BEGIN Input material

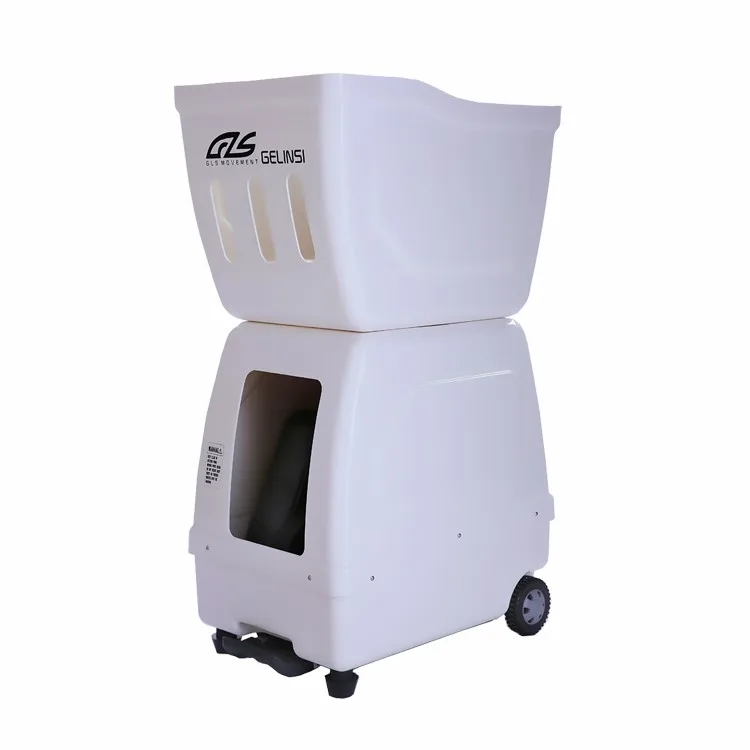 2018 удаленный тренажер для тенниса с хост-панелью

END Input material
BEGIN Input material

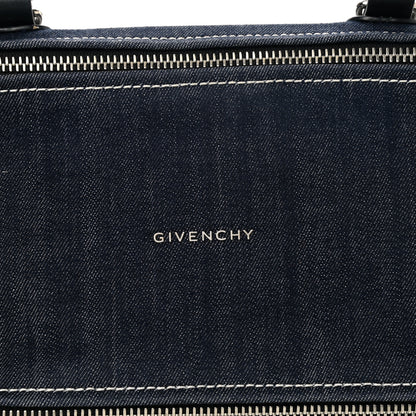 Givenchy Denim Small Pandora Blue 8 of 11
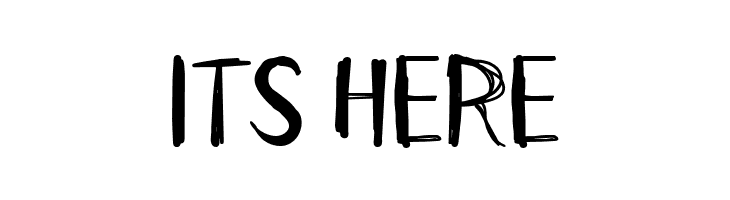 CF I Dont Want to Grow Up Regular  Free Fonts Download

END Input material

Take the material above from the line containing "Givenchy Denim Small Pandora Blue 8 of 11" up to and including the line containing "CF I Dont Want" and retype it exactly, without any pictures.

- Solution to this exercise
 Givenchy Denim Small Pandora Blue 8 of 11
 CF I Dont Want to Grow Up Regular  Free Fonts Download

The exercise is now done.